> **DATA SHOWN**:

____

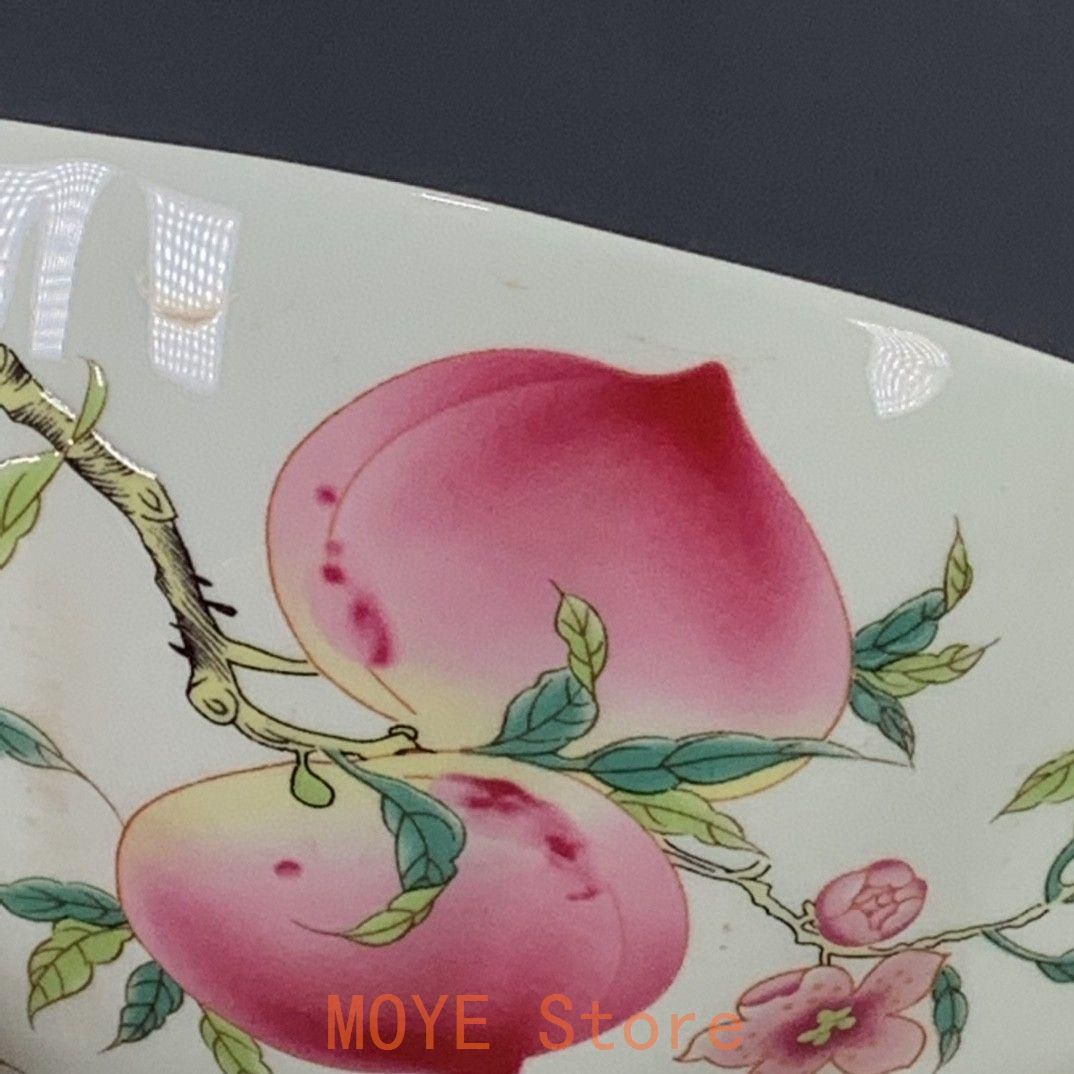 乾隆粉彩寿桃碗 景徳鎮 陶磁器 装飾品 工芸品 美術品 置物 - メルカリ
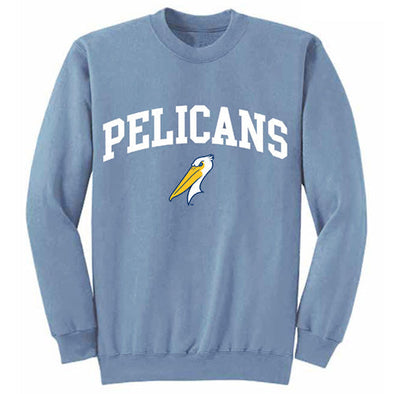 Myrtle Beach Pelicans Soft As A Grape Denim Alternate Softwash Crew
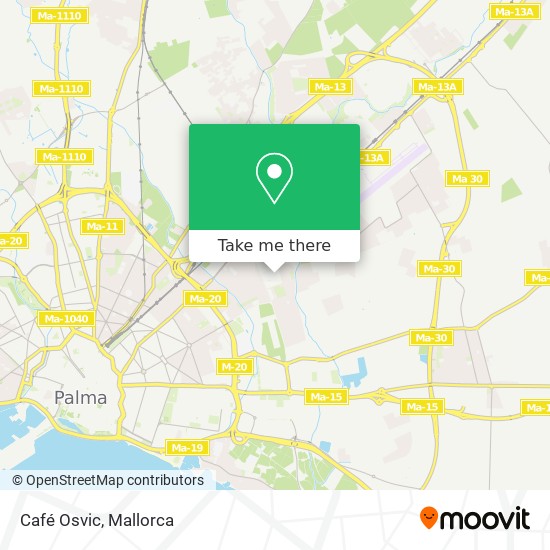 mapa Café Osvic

____

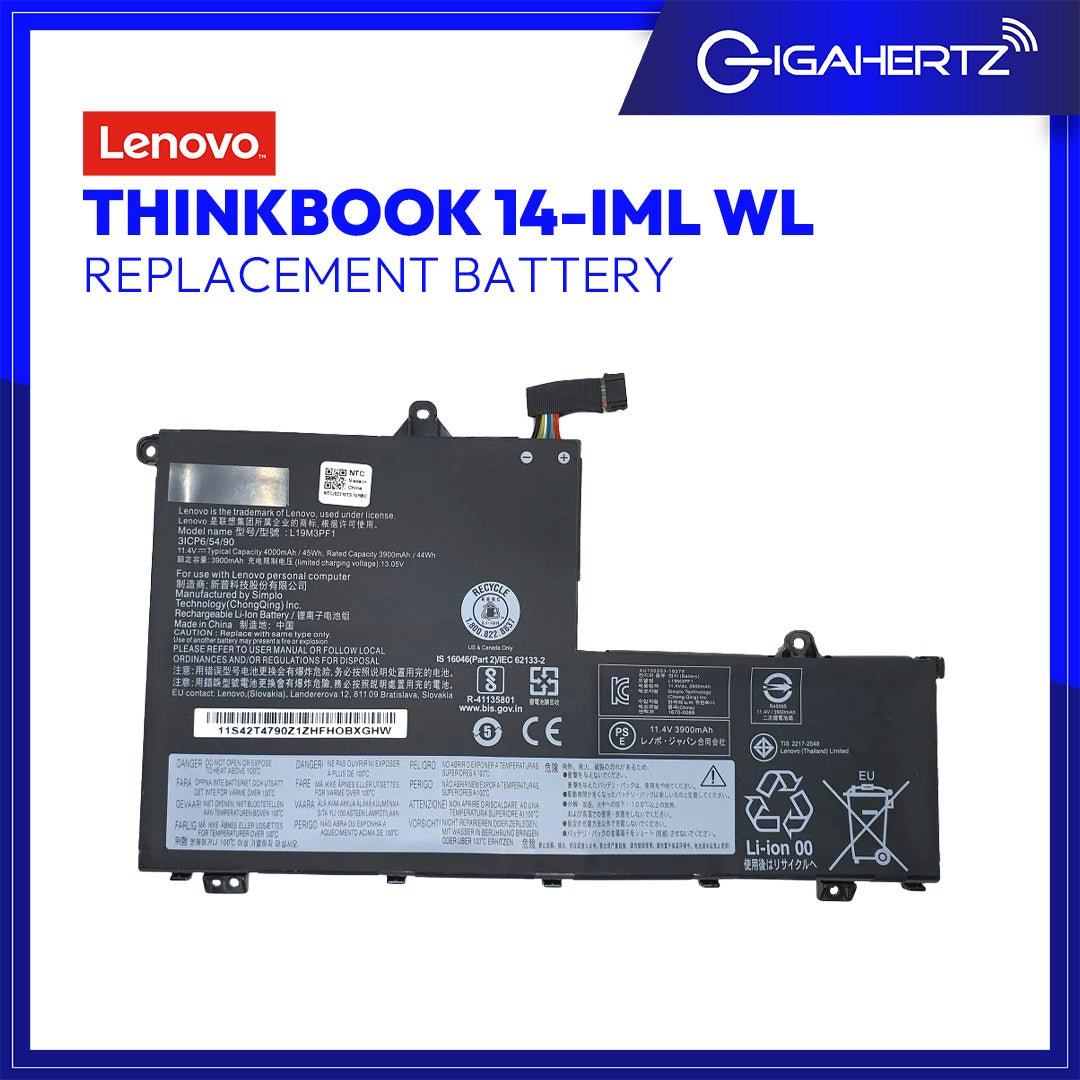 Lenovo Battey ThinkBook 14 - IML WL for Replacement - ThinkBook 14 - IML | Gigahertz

____

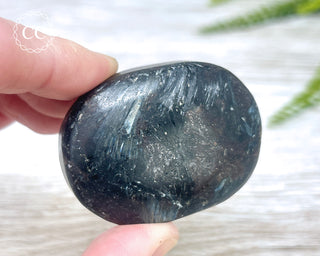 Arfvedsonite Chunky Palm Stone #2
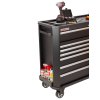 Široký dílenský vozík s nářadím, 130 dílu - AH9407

____

> **PROBLEM DETAILS**: I would like the exact lines from the data above, starting with the one that holds "Myrtle Beach Pelicans" and going on through the one that holds "mapa Café Osvic", without the pictures.

> **RESPONSE TO THE EXERCISE**:
 Myrtle Beach Pelicans Soft As A Grape Denim Alternate Softwash Crew
 mapa Café Osvic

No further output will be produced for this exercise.